Voluntary income/grants and donations

  4.13  Voluntary income is defined as that given freely with no commercial consideration and is usually in the form of grants or donations. This category of income is of particular importance to the voluntary sector and allows organisations to provide goods and services at no cost or with subsidy. Individual giving by the general public is therefore of fundamental importance to the voluntary sector economy.



Patterns of voluntary income

  4.14  In 1997 voluntary income to UK general charities stood at almost £6 billion (£5.9 billion) representing almost 45 per cent of the total (including legacies). Donations from the general public were the single largest source of voluntary income (£1.8 billion). This was almost matched by grants made by government (£1.7 billion). However, if legacies are included with donations from the general public then their contribution increases to £2.6 billion. The next largest source is from other charities, most notably grant-making trusts and foundations. In 1997 this stood at over £1 billion, and was likely to increase even further as National Lottery grants started appearing more frequently in the accounts of general charities. Donations and grants from business stood at £255 million, although corporate financial support may increasingly be classified as earned income (sponsorship/cause related marketing) and corporate support to voluntary organisations may come in a non financial form (for example gifts in kind, eg donated goods, and gifts in time, eg secondments). Finally, the covenanted profits of trading subsidiaries are classified as voluntary income and currently contribute £163 million to voluntary sector income.

  4.15  Voluntary income is most significant for smaller voluntary organisations where it constitutes over half (52.7 per cent) of the total income.
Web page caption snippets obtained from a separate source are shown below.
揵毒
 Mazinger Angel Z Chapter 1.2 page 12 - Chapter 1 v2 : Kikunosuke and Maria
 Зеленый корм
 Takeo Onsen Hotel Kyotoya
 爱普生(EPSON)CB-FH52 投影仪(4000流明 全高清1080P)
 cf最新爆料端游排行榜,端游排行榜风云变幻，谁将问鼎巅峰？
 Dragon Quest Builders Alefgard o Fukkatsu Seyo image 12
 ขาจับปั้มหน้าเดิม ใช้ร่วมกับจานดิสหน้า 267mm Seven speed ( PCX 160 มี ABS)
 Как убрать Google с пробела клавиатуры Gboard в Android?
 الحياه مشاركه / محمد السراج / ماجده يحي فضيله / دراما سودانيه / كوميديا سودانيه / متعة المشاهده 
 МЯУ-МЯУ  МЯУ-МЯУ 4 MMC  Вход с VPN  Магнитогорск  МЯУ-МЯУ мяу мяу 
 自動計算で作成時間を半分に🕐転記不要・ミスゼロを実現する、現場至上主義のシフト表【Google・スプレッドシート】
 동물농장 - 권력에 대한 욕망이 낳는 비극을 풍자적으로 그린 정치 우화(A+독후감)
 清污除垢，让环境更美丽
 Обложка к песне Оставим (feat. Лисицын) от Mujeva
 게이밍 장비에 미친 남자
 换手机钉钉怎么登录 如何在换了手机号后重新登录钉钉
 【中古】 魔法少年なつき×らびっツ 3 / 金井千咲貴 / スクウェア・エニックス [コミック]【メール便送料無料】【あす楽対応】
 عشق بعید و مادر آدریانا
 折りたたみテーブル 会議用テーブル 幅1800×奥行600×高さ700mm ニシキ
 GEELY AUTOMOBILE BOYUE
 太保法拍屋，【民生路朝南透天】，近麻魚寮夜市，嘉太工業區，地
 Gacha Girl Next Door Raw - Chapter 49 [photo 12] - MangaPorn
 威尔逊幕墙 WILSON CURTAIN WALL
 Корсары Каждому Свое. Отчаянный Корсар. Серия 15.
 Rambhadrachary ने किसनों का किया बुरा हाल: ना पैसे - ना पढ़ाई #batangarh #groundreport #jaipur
The contribution of voluntary income to total income decreases with size of organisation and the very largest organisations receive less than a third (29.2 per cent) of their total income from grants and donations. However, three quarters of the very largest receive some voluntary income and legacies are most significant for these organisations (12.3 per cent) compared with less than 3 per cent for organisations with incomes less than £1 million. Overall over two-thirds of all general charities receive some voluntary income. Indeed, to some the receipt of voluntary income is one way of defining a voluntary organisation or charity.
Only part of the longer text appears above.